It can be stressful knowing that co-workers, clients, or employees are sitting around waiting for your response. Consider adding an auto-response to your email account that tells people when you check your email, when they can expect a response, and how they can get in touch with you if it’s an emergency.

Unsubscribe From Junk

No matter how much we try, we over-subscribe to newsletters and updates and our email addresses end up on countless marketing lists. That cool housewares store’s newsletter seemed like a great idea at the time but deleting it every week takes actual time from your day. Handle unimportant senders immediately: Unsubscribe from their lists and nip it in the bud. A good tool for unsubscribing from many lists quickly is Unroll.me, a very simple little tool that can be quite effective at slowing the stream of junk to your inbox.

Create Template Emails

When you’re emailing clients, leads, project breakdowns, or anything else that you send out often, you’ll usually use the same stock wording in your message. Just like an automatic signature, create a few email templates to avoid writing the same things over and over again. Or check out the fabulous program ActiveWords that will substitute any text for a few simple keystrokes. This gives you even more fine control and virtually eliminates retyping of common responses.

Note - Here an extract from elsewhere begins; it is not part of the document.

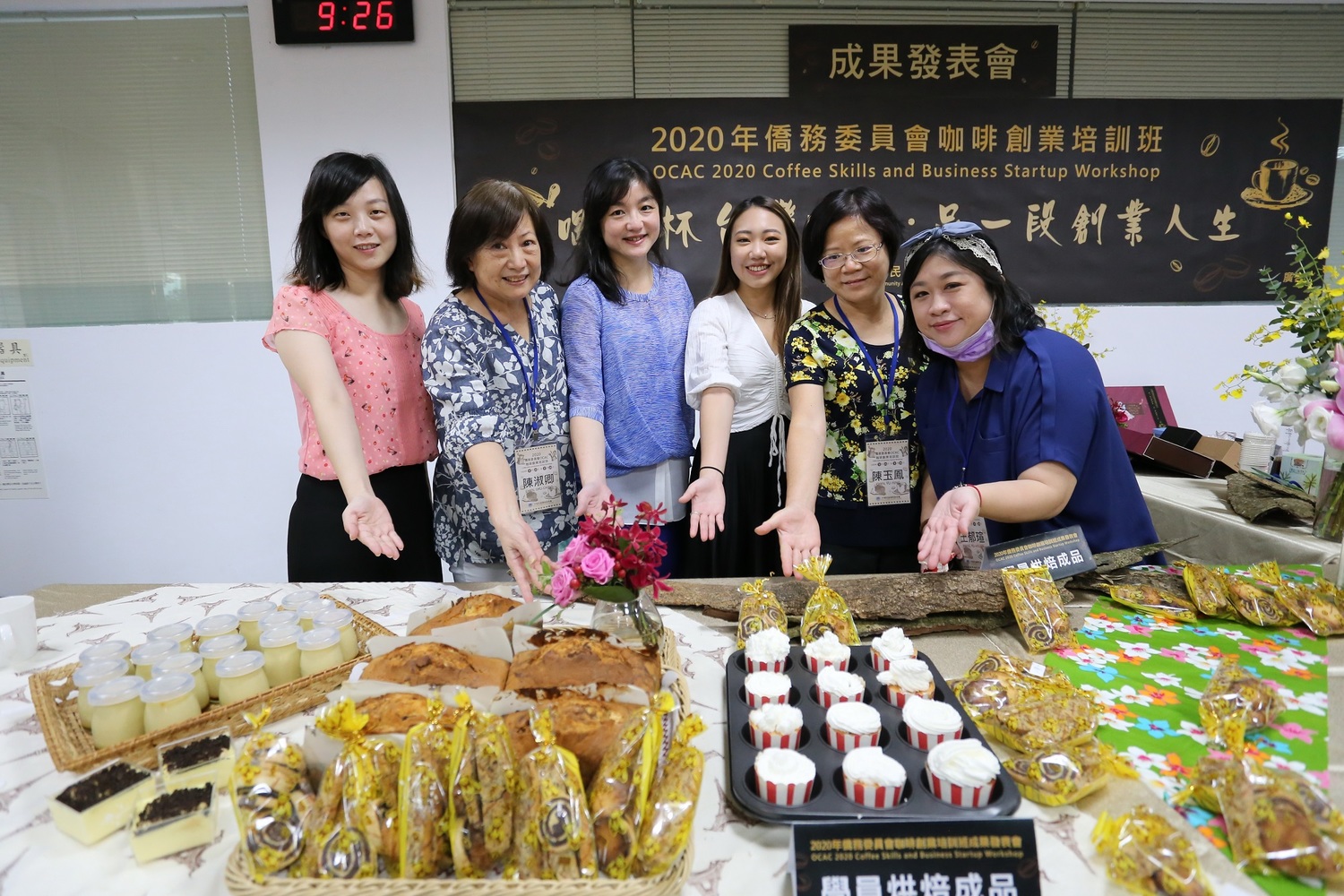 學員們開心地呈現培訓成果。 嶺東科大/提供 學員們開心地呈現培訓成果。 嶺東科大/提供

Never Open The Same Email Twice

This is a big part of the Inbox Zero principle that is growingly popular on the web. When dealing with emails, it’s important to make a decision and act immediately rather than keep saving emails for later. By simply acting on each email immediately, your inbox will stop overwhelming you with stuff you needed to get to days or weeks ago. Keep your inbox clean and even retask it so that you’re dealing with things you really can easily take care of.

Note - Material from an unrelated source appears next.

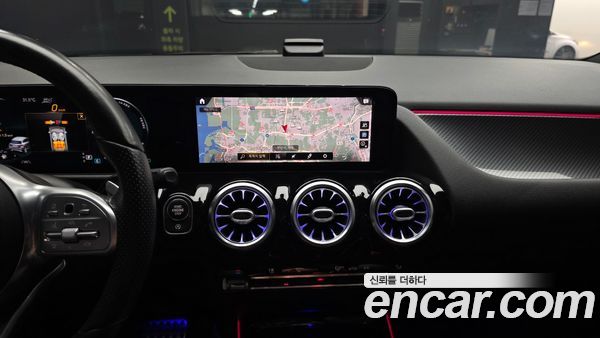 Mercedes-Benz GLA 2021, фото 20
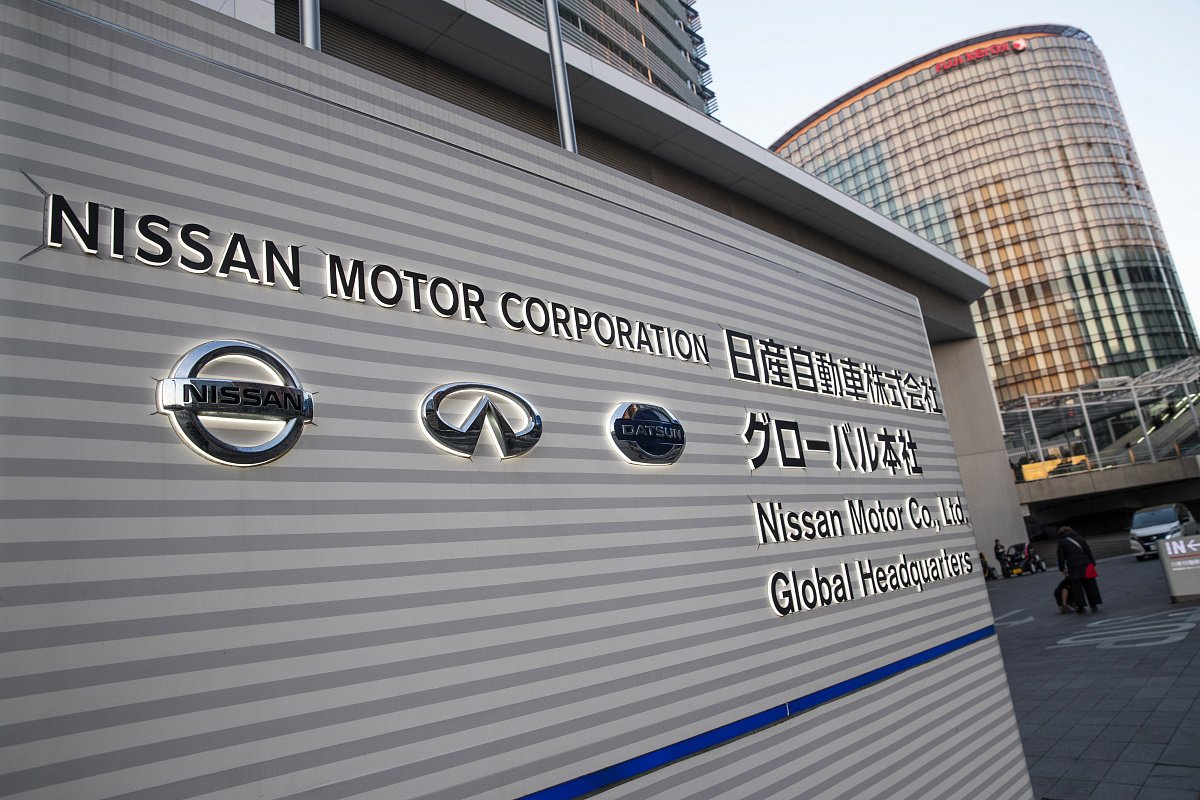 Фирма Renault может продать свою долю в Nissan акции 2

Avoid Information Overload The 4-Hour-Workweek Way

Tim Ferriss’ 4-Hour-Workweek approach to productivity is one of my favorites because it’s based on radically simplifying your life. One of the ways to do this is to stop the information overload. But for professionals who largely live on the web, this can be tough. The never-ending news alerts, emails, phone calls, voicemails, and text messages can all make for a pretty overwhelming day. Within an hour of waking up, our heads are usually filled with a ton of unnecessary information from the latest industry trends to your daily Groupon deals to the latest news on Robert Pattinson’s relationship problems.

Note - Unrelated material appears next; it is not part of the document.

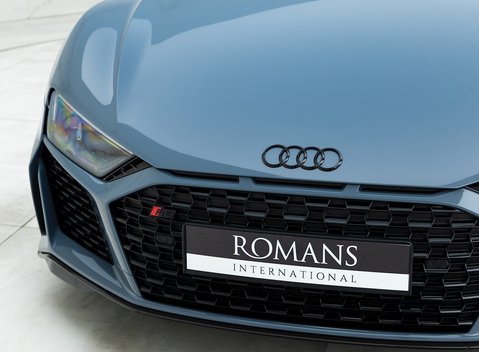 Audi R8 V10 Performance Carbon Black 18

If we have any hope of being at our best, it needs to stop.

How Tim Ferriss Stops Information Overload

In The 4-Hour-Workweek, Ferriss mentions that he never watches the news, never reads the paper, and never browses CNN. Instead, once a week, he will ask a friend or even a stranger at a bar or cafe, if there was any big news that week. If there was anything important, he will definitely hear about it and save himself a ton of time.

When it comes to work-related information overload, Ferriss reminds everyone to re-take control of their lives. You don’t need to respond to every email or phone call immediately: the world won’t end. Instead, you should set aside specific times when you go through your emails and voicemails – and let your boss or co-workers know that they will not get an immediate response.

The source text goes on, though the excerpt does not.